Although the data below contains pictures, please reproduce only its words, exactly.

DATA EXCERPT >>
------
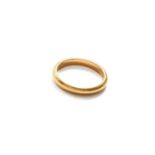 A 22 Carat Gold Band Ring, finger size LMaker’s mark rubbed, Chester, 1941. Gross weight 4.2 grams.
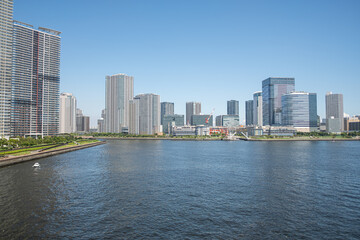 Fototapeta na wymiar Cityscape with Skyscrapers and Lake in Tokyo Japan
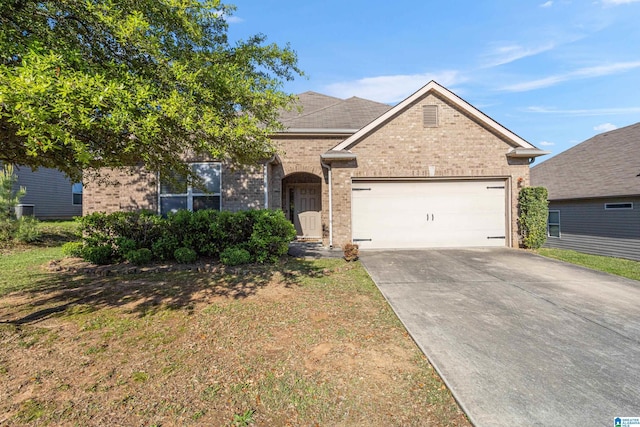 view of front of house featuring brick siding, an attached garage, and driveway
------
ANSWER BOX >>
 A 22 Carat Gold Band Ring, finger size LMaker’s mark rubbed, Chester, 1941. Gross weight 4.2 grams.
 Fototapeta na wymiar Cityscape with Skyscrapers and Lake in Tokyo Japan
 view of front of house featuring brick siding, an attached garage, and driveway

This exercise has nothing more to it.